» What is needed
Print, in exact form, the lines below from the one containing "Open Bible and" through the one containing "The cross on", and omit all others.

» Data for review

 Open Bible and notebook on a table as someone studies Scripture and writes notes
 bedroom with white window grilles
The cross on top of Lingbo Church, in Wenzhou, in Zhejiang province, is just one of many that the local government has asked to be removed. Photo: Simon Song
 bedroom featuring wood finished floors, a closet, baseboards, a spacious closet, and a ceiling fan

==

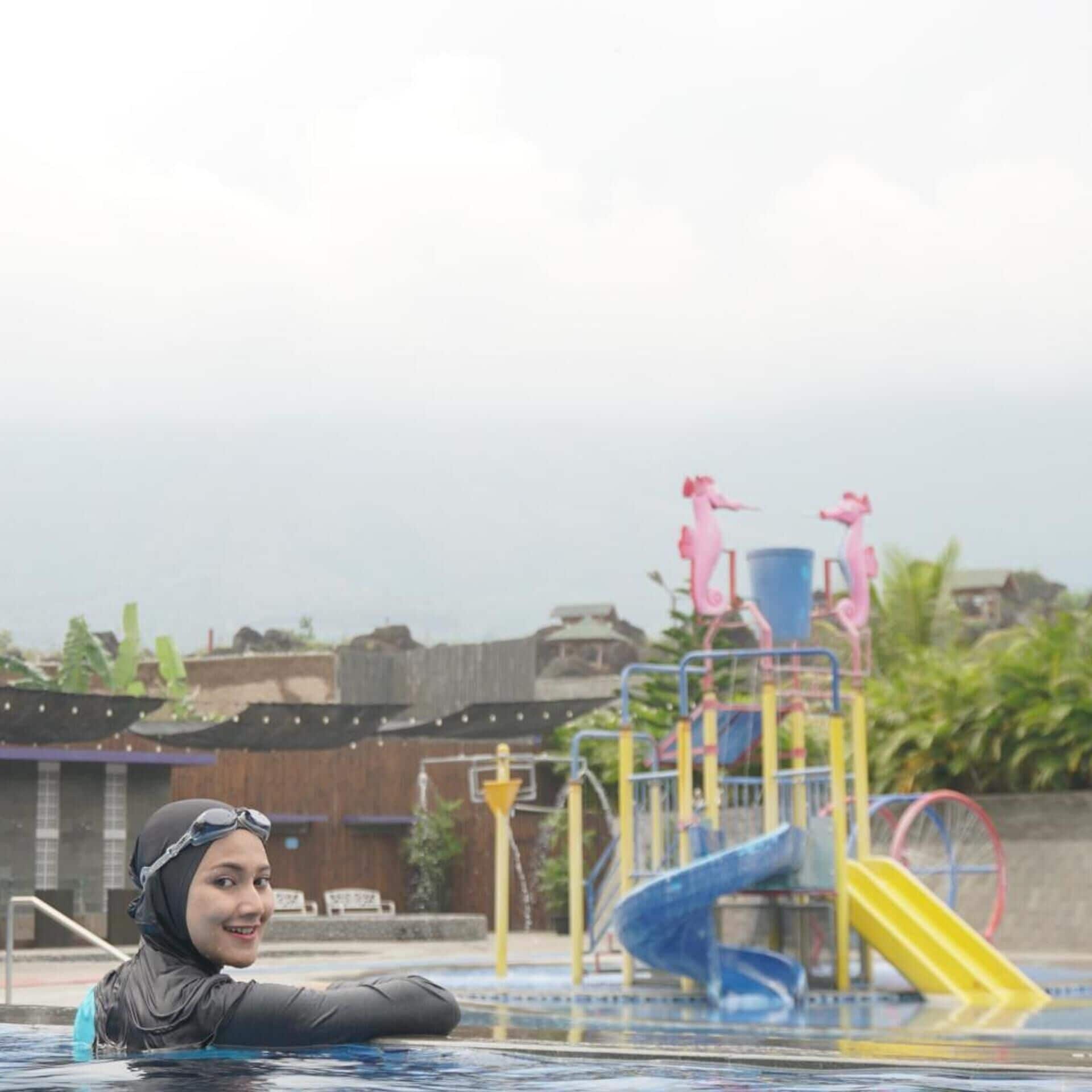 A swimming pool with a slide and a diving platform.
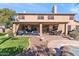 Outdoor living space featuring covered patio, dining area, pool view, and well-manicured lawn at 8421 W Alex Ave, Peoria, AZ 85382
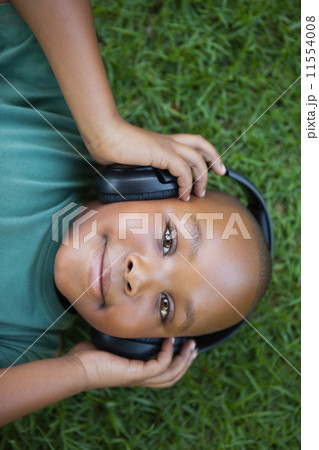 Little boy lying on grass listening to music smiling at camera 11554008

» Solved exercise
 Open Bible and notebook on a table as someone studies Scripture and writes notes
 bedroom with white window grilles
The cross on top of Lingbo Church, in Wenzhou, in Zhejiang province, is just one of many that the local government has asked to be removed. Photo: Simon Song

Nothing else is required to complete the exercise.